Selon les experts, il n'est pas facile de comprendre le processus d'asile, un labyrinthe de procédures juridiques et de bureaucratie.
«La plupart des gens ne comprennent pas comment le système fonctionne et à quel point il est complexe», a indiqué Nicholas Fraser, chercheur associé principal à l'Université métropolitaine de Toronto, qui étudie les questions d'immigration et de réfugiés depuis des années.
Cette complexité est accentuée par le nombre même d'acteurs impliqués.
«Les réfugiés sont des personnes vulnérables, et la politique d'asile est fondamentalement conçue pour garantir que ces personnes aient un endroit où aller afin qu'elles puissent échapper à des situations dangereuses.»
Immigration, Réfugiés et Citoyenneté Canada (IRCC), par exemple, établit les règles relatives aux réfugiés. La Commission de l'immigration et du statut de réfugié (CISR), un tribunal indépendant, statue sur les demandes et entend les appels des décisions relatives aux demandes. Certains demandeurs d'asile sont réinstallés ici dans le cadre d'un programme gouvernemental ; d'autres sont parrainés par des citoyens canadiens privés. Les organisations d'aide juridique et les ONG interviennent également pour offrir des services essentiels et des programmes de soutien.
«Imaginez que vous soyez un réfugié qui ne parle pas la langue et ne comprend pas la loi sur l'immigration. Vous êtes dans un nouvel endroit tout en essayant de naviguer dans le processus et votre traumatisme psychologique», a souligné M. Fraser.
L'histoire du Canada en matière d'accueil de réfugiés remonte avant la Confédération.
À la fin des années 1700, les Loyalistes de l'Empire-Uni ont cherché refuge face aux bouleversements de la Révolution américaine, s'établissant dans ce qui est aujourd'hui la Nouvelle-Écosse, le Nouveau-Brunswick et l'Ontario.
Au fil des siècles, le Canada a accueilli des vagues successives de réfugiés, mais la sélection était souvent influencée par des considérations raciales, selon Robert Vineberg, ancien directeur général de Citoyenneté et Immigration Canada pour les Prairies et les Territoires du Nord.
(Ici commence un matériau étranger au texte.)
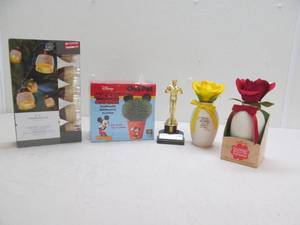lot 115 image: Miscellaneous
«Le gouvernement pensait qu'il était facile d'assimiler les Hongrois ou les Tchèques», a-t-il avancé, faisant référence à l'acceptation par le Canada de réfugiés d'Europe de l'Est.
«Ce n'est que dans les années 1970, avec l'expulsion des Asiatiques d'Ouganda, que le Canada a accepté un nombre important de réfugiés non blancs», a expliqué M. Vineberg. Peu après, le Canada a réinstallé des milliers de réfugiés vietnamiens après la chute de Saigon.
De nombreux réfugiés ont contribué à façonner le tissu social du Canada, favorisant la société mosaïque qui définit la nation aujourd'hui, affirme Robert Vineberg.
«Cela fait partie de qui nous sommes. Nous sommes une société généreuse», a-t-il dit. «Et quand il y a une crise dans le monde, nous voulons intervenir.»